В том моем положении, в которое Вы меня хотите поставить, обособив меня от дальнейшего развития мысли о "Поэме", мне трудно судить о "справедливости и полезности" (по Вашей формуле) Вашей "попытки", но я вряд ли могу отрицать за Вами, как и за всяким другим поэтом, право на эволюцию мысли, понятой мною из старо-китайских фактов и, судя по Вашему отзыву, уже отсталой. Думаю, что и Вы признаете за мной право, пока я еще не мертв, по выходе Вашей статьи и перевода, со своей стороны, точно так же печатно их рассмотреть в альманахе, который мы будем издавать здесь, в Институте Востоковедения, и в котором я буду помещать свои дальнейшие статьи и переводы, по-прежнему не выходящие из лимита, данного мне текстом, предоставив дальнейший рост ассоциаций особому роду воображения, который не может быть уделом старой науки.

Еще раз благодарю Вас за большое удовольствие, которое Вы мне доставили Вашими письмами и статьей, ибо редко кому из нас, филологов, удается привлечь к объекту своего исследования живую и творческую мысль, как это удалось мне в Вашем лице, — и я это, поверьте, очень ценю.

Свидетельствую Вам по этому поводу свои наилучшие чувства.

P.S. На первое Ваше письмо я уже имел удовольствие Вам ответить вчера.

(2)

15 ноября 1940

Многоуважаемый Сергей Павлович!

Ознакомившись теперь, после Вашего письма и статьи-предисловия с направлением Вашей полемики и приемами Вашей работы, я вижу только одно: нам нужно не соединяться, а всячески размежовываться.

"Поэт свободен, как стихия"… чего про ученого сказать нельзя.

Я думаю, что сейчас я отвечать Вам в полемическом, тем более аналогичном Вашему, тоне не буду, но с выходом Вашей статьи и переводов в свет я также найду возможным по поводу всего этого высказаться, хотя, конечно, не в том издательстве, которое возвращает обратно мои переводы и принимает Ваши версии их.

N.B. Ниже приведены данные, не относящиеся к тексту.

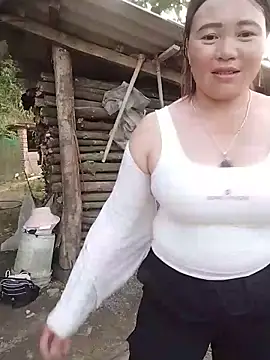 kimngan12 webcam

Мы здесь в Ленинграде основываем систему периодических альманахов художественной литературы Востока, где я и предполагаю печататься.

Как я уже Вам писал, я не вижу никакой пользы от моего сотрудничества в московских изданиях, которые, между прочим, продолжают выпускать переводы английских переводов с китайского. ГИХЛ от моих переводов отказался. Служить официальным подстрочником намерений я не имею, и в арбитраже моем при подобных условиях никто не ощутит никакой нужды, а прежде всего, сам я.

При сем возвращаю вам Вашу рукопись, нисколько не сомневаясь в том, что она вызывает к себе интерес.